Yemekte et varsa kesmek için yardım isteyip istemediğini sorun; yemeklerin yerlerini ayrıntılı olarak tarif edin.
Yatılı olarak evinize geldiğinde ona tuvaletin, gardırobun, pencerenin, prizin, elektrik düğmelerinin, yerlerini gösterin. Ayrıca ışıkların açık olup olmadığını bilmek isteyebilir.
Eğer arzu ederseniz sizinle körlüğü hakkında konuşabilir ama bu eski bir hikâyedir. Oysa sizin olduğu gibi bir görmeyen arkadaşınızın da ilgilendiği birçok konu vardır.

Öğrenme yetersizliği olan bir bireyin yeteneklerini ortaya çıkarabilmesi için aşağıdakilere dikkat etmeniz yararlı olacaktır.
Anlatımınızın açık olmasına dikkat edin.
Bilinen kelimelerin kullanılması onun sizi anlamasını sağlayacaktır. 
Cümleler kısa kullanılmalıdır. 
Konuşmanız güven vermeli, öğrenme yetersizliği olanların anlayamayacağı farklı sorular sorulmamalıdır. 
Somut tecrübelerle ilgili sorular sorulmalıdır. Örneğin, “Dün evde neler yaptın ?” gibi. 
Mecazlar kullanmaktan kaçınılmalıdır. Örneğin, “biz burada rüzgar gibi çalışırız” gibi mecazi anlamlı cümleler onun için bir anlam ifade etmeyebilir.
Karmaşık sorular sorulmamalıdır. Örneğin, “şimdiye kadarki en büyük başarın nedir? ” yerine, “önceki işinde veya okulda iken en iyi neyi yapardın? ” gibi sorular sorulmalıdır. 

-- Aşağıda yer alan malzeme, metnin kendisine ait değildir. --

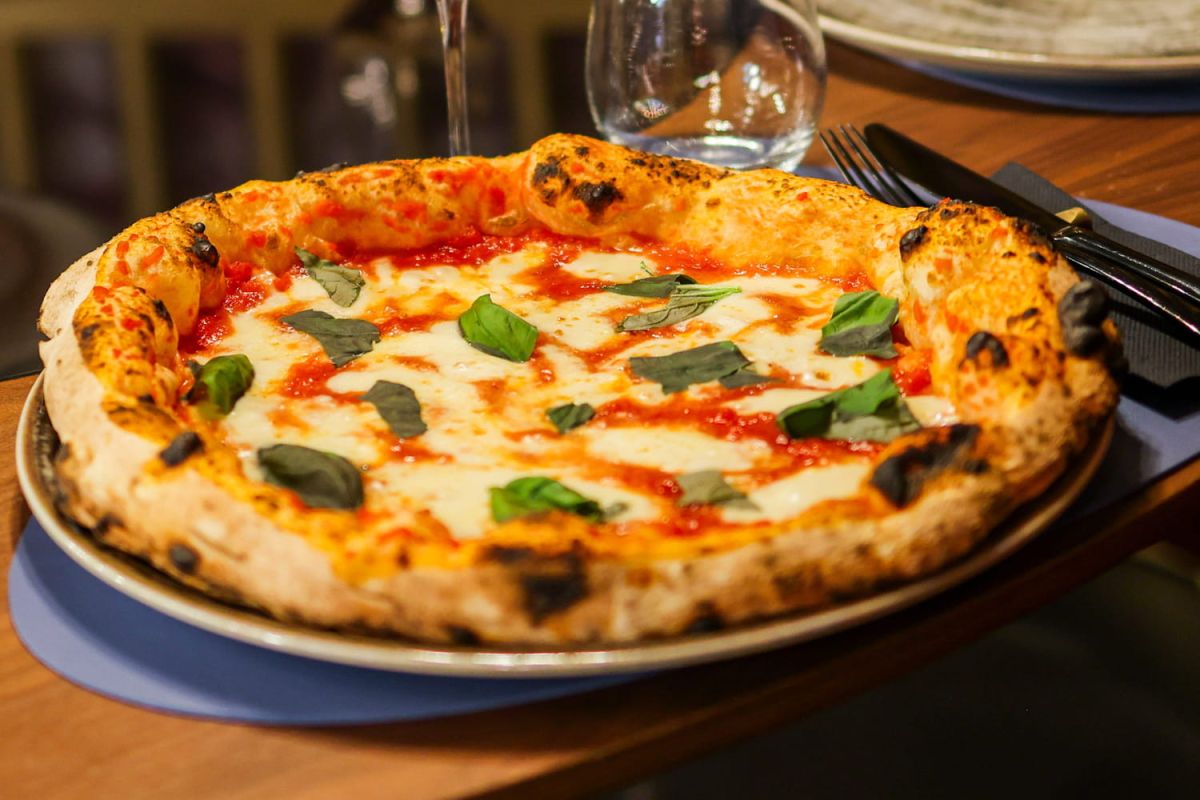 une pizzeria parisienne qui fait voyager jusqu'à naples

Kuramsal sorular sorulmamalıdır. Örneğin, “eğer fotokopi makinesi bozulsaydı sen ne yapardın?” sorusunun şu şekilde sorulması daha iyidir “eski işinde çalışırken fotokopi makinesi bozuldu mu? Fotokopi makinesi bozuk iken sen ne yaptın?” 
En önemlisi ona zaman ve fırsat tanıyarak, anlayış göstermek öğrenme yetersizliği olan bireye yapacağınız en büyük iyilik olacaktır.

Ne yapacağınızdan emin değilseniz, düşüncenizi geliştirmek için yapabileceğinizi bir uzmana (bir özel eğitimciye, bir sosyal hizmet uzmanına, bir mimara v.b.) soru sormaktan çekinmeyin. Özellikle kamu kurumlarından destek alın.